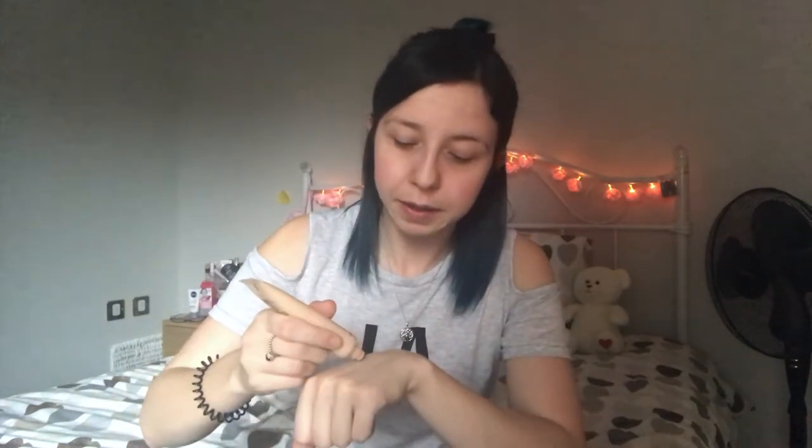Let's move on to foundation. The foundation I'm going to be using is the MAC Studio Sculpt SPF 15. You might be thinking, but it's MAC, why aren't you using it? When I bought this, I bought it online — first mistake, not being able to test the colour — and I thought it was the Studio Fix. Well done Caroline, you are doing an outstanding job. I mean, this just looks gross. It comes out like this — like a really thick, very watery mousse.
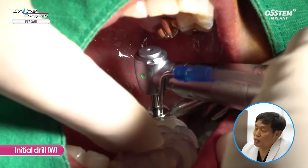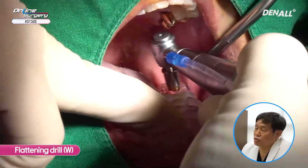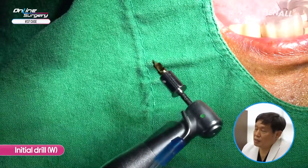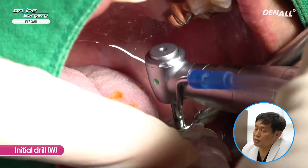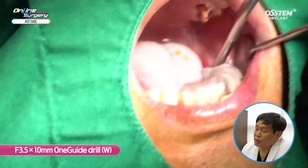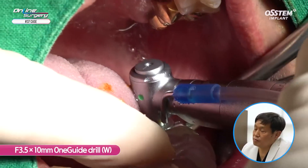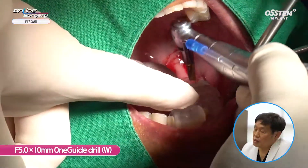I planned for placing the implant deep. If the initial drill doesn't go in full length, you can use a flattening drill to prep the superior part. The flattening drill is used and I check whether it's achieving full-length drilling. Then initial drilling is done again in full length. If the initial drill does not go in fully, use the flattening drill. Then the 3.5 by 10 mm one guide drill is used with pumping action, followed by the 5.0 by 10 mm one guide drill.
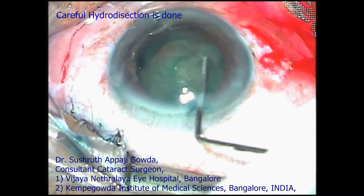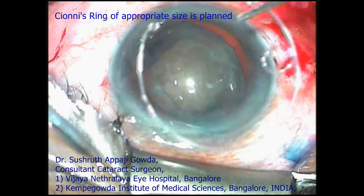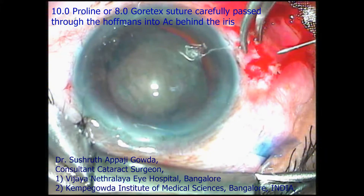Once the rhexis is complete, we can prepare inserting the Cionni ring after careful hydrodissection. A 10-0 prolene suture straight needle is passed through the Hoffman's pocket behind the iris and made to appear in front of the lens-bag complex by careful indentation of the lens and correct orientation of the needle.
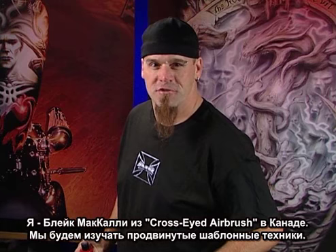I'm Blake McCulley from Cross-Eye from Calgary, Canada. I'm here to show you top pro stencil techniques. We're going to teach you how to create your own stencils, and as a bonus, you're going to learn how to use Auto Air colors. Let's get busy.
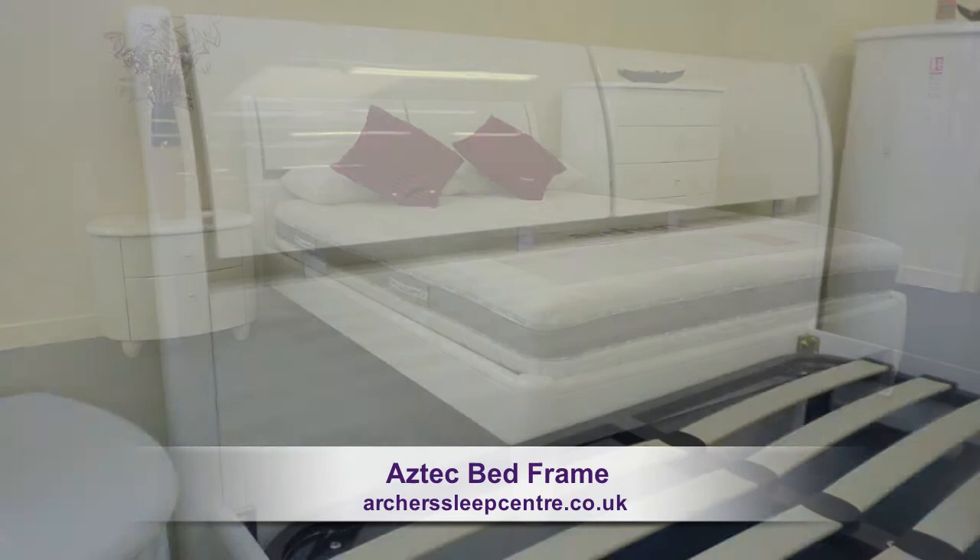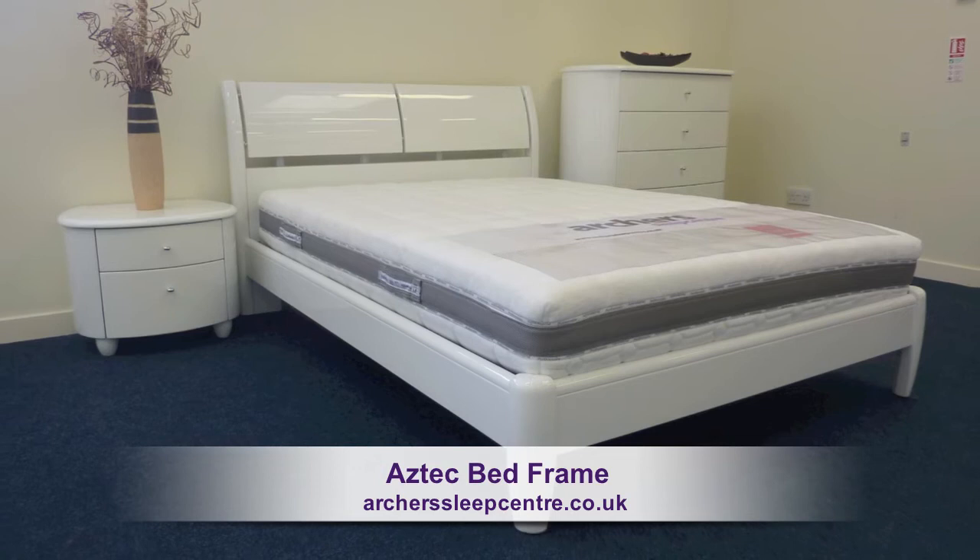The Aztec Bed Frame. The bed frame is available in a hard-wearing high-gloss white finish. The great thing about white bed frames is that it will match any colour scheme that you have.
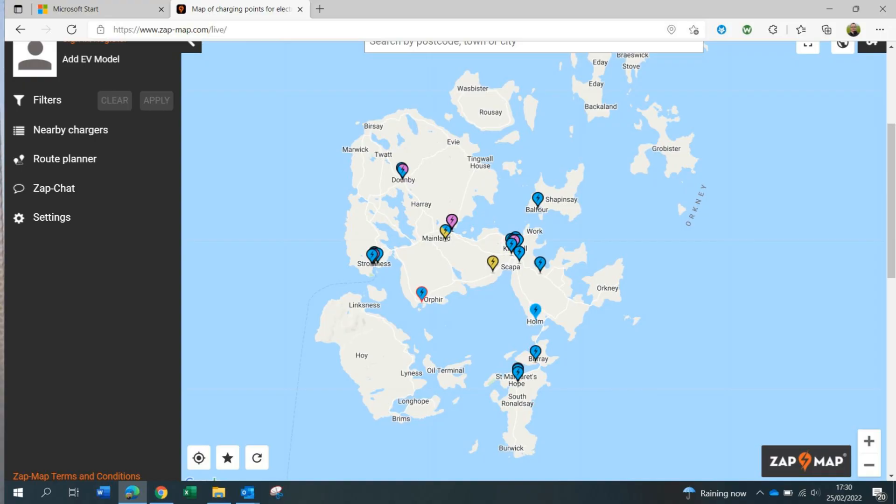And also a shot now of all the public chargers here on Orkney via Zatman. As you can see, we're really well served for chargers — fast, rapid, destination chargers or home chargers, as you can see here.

---

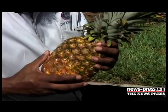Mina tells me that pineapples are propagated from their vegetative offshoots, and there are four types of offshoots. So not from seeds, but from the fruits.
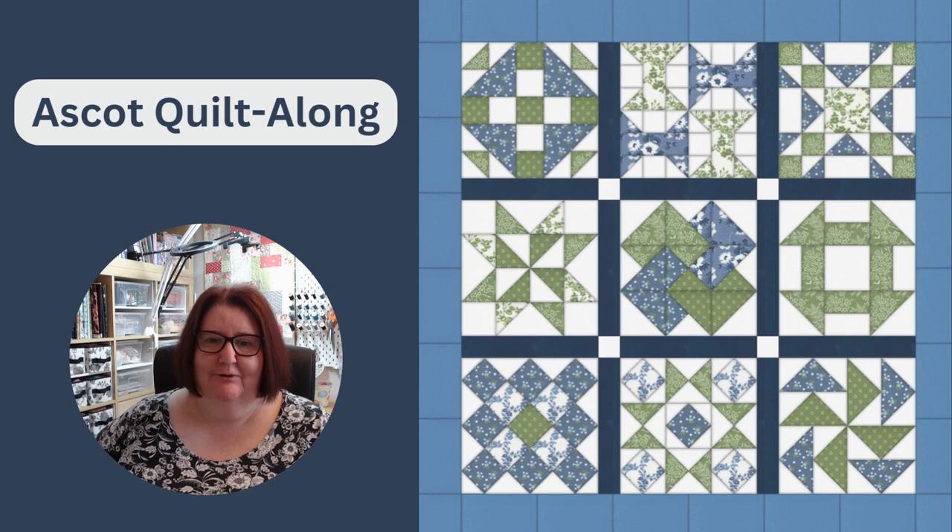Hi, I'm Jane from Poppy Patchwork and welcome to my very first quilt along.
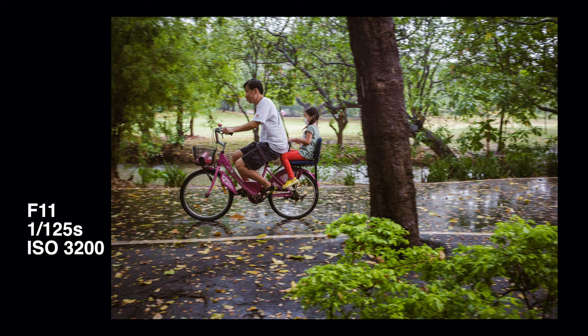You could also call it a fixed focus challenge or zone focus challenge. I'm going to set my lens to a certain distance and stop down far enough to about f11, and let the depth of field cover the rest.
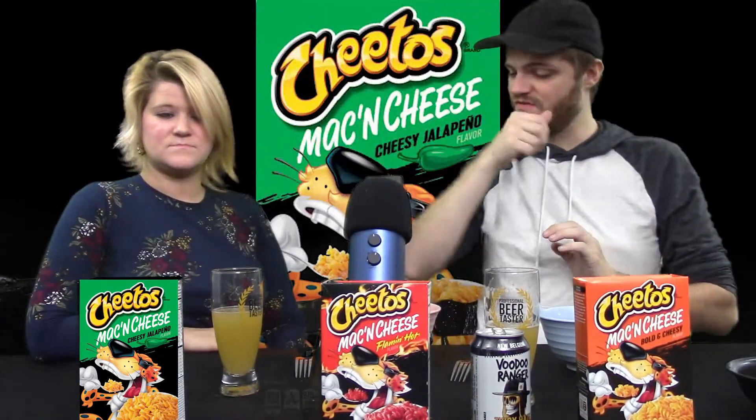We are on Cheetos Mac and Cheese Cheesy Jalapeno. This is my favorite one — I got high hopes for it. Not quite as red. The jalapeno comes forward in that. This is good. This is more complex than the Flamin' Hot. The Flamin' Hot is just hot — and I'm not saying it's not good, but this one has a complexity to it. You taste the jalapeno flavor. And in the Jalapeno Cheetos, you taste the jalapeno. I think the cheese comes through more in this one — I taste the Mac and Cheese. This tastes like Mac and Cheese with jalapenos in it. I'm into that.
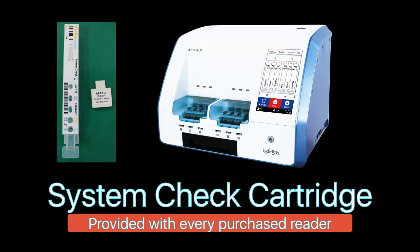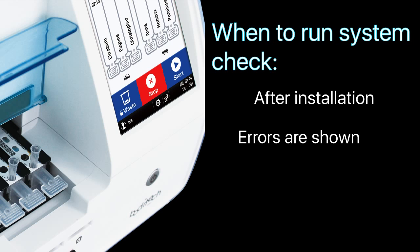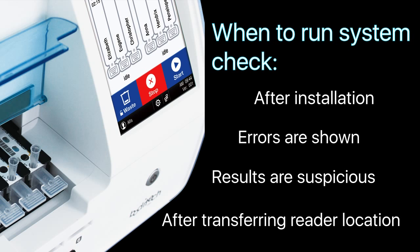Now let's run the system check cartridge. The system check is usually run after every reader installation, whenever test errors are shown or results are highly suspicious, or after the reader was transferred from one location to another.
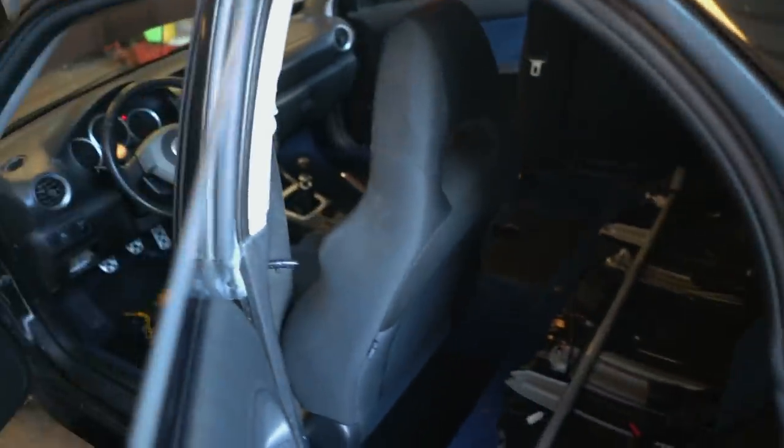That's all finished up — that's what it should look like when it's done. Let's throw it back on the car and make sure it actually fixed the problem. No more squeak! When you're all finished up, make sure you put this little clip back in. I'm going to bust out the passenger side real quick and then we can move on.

◆ **WORK ITEM**
Nothing except the lines from the one containing "Mina tells me" through the one containing "Hi, I'm Jane" should appear in the answer, exactly as above and without pictures.

◆ **RESPONSE TO THIS TASK**
Mina tells me that pineapples are propagated from their vegetative offshoots, and there are four types of offshoots. So not from seeds, but from the fruits.
Hi, I'm Jane from Poppy Patchwork and welcome to my very first quilt along.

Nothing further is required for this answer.